Former advisor files appeal in murder-related Ponzi scheme case

BCFC - stock.adobe.com

Keith Todd Ashley, a financial advisor accused of slaying a former client and running a nearly $2 million Ponzi scheme, wasn't up against murder charges in a federal case that recently landed him a life sentence.

But his lawyer argues facts from Ashley's related state-level murder case were stretched to enhance the allegations that eventually led federal Judge Amos Mazzant's order on Aug. 17 for Ashley to spend the rest of his life behind bars. James Whalen, a Frisco, Texas-based lawyer who represented Ashley in the federal case, filed a notice of appeal of Ashley's sentence on Monday.

Whalen, the founder of Whalen Law Office, said he plans to argue federal authorities "overreached" in their prosecution of Ashley.

"Granted, the jury found him guilty," Whalen said. "But, you know, it's kind of hard not to when you have this murder that they put out there. But I think the substantive charges in the federal charges are not supported by the evidence."

Ashley, a 51-year-old financial advisor formerly employed at Parkland Securities in Allen, Texas, received his life sentence on charges that he had committed as part of a Ponzi scheme that he's alleged to have carried out for roughly seven years before his arrest in November 2020. 

Roughly two years after being taken into custody, he was found guilty by a federal jury of 17 criminal counts relating to wire, bank and mail fraud and carrying a firearm in relation to a crime of violence. Ashley meanwhile is faced with murder and other charges in a related state-level case.

Texas authorities accuse Ashley of entering the home of James Seegan, a client living in Carrollton, Texas, on Feb. 19, 2020, and shooting Seegan with a handgun. They say Ashley went to the house on the pretext of taking a blood sample needed to change the beneficiary on a life insurance policy from Seegan's wife to a trust controlled by Ashley.

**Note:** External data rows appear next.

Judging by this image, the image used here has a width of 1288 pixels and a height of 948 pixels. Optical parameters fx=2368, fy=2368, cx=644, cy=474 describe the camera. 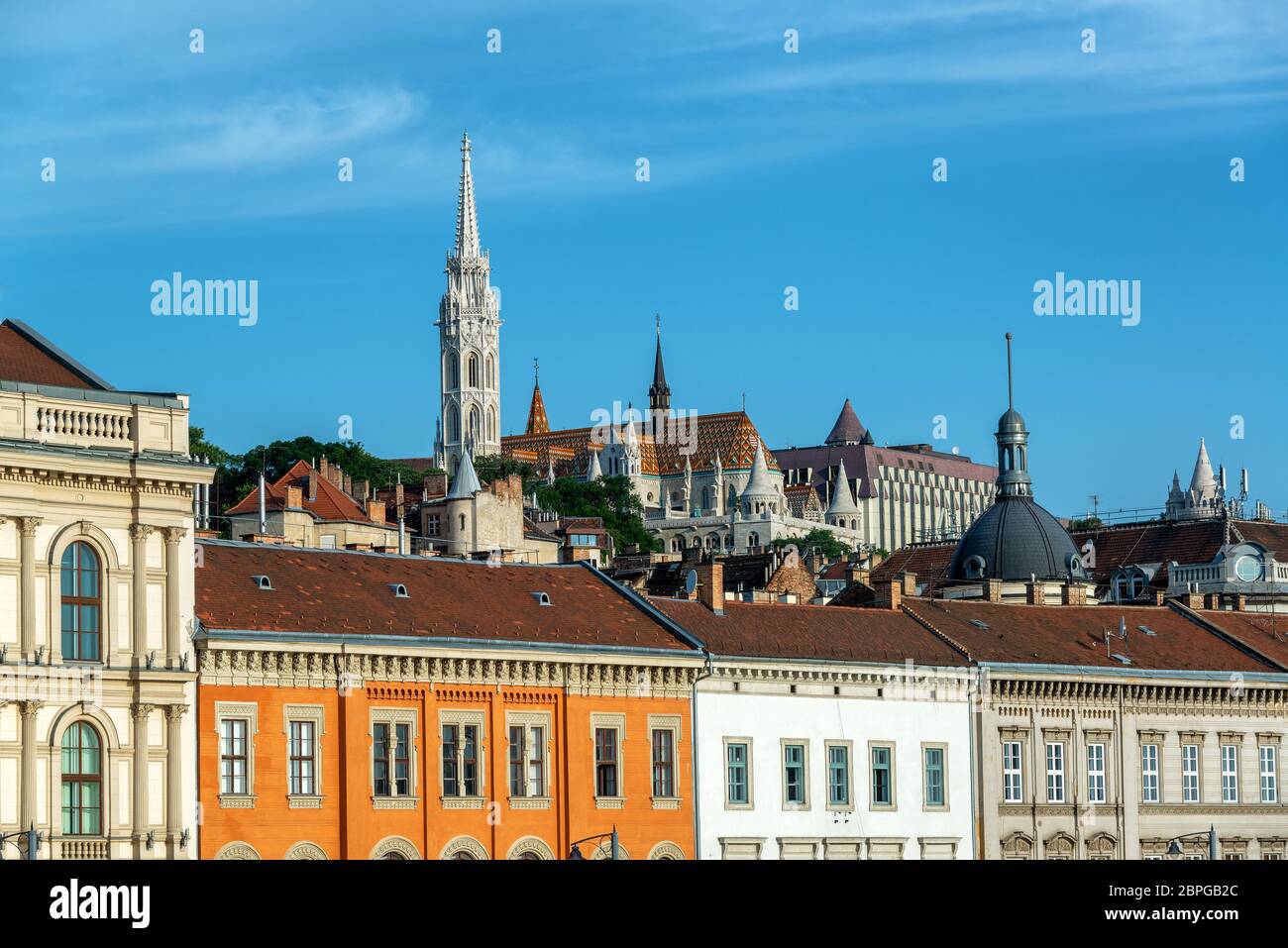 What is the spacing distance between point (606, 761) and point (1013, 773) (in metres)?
16.1

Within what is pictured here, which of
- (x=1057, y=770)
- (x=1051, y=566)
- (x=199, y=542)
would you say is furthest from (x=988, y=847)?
(x=1051, y=566)

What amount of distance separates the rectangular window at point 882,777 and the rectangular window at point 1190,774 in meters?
13.1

Read more: Missing money: 35% of Gen X has less than $10k in retirement savings

Instead of drawing blood, Ashley — also a trained nurse — is believed to have injected Seegan with a drug that caused temporary paralysis. He later, according to authorities, tried to cover up the shooting by making it look like a suicide.

Whalen said prosecutors sneaked the facts related to the alleged slaying into the federal case by charging him with possessing a firearm in furtherance of a crime of violence. The charge enhancement needed to secure the life sentence, Whalen said, rested partly on a law known as the Hobbs Act, which deals with robbery.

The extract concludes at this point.